#### [Problem statement]
Every line in the entries where "Embellished" is found should be copied.

Caption-style text data
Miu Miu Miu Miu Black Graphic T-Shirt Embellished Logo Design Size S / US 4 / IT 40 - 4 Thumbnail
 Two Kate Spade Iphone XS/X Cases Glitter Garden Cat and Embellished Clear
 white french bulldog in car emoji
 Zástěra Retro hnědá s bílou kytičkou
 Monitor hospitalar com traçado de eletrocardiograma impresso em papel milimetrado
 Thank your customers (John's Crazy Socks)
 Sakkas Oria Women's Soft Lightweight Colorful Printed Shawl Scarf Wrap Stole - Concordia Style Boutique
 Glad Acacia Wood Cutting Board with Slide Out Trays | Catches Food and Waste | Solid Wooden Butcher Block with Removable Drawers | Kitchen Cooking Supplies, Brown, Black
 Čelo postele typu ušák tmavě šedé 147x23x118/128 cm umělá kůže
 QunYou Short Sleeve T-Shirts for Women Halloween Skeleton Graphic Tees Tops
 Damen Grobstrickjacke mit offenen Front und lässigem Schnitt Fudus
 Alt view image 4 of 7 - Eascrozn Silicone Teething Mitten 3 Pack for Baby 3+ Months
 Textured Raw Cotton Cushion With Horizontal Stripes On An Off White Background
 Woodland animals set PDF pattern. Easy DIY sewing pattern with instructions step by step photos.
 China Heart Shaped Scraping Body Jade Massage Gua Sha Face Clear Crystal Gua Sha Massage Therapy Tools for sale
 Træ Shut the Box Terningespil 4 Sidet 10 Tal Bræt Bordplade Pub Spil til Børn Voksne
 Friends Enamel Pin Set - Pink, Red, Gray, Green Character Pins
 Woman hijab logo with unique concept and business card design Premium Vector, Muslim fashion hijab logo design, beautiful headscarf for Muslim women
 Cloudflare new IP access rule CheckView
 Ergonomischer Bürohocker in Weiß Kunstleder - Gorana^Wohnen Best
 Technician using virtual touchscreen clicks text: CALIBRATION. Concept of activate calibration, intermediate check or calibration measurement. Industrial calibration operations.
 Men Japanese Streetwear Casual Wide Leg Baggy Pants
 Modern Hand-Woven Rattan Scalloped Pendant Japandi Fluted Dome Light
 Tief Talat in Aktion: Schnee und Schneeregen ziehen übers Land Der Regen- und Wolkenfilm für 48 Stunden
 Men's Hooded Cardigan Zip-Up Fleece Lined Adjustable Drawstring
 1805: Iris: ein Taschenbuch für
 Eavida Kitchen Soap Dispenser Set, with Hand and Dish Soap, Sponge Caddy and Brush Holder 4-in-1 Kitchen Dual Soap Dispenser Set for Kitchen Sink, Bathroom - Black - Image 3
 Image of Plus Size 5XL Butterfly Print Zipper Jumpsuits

#### [Answer to the problem]
Miu Miu Miu Miu Black Graphic T-Shirt Embellished Logo Design Size S / US 4 / IT 40 - 4 Thumbnail
 Two Kate Spade Iphone XS/X Cases Glitter Garden Cat and Embellished Clear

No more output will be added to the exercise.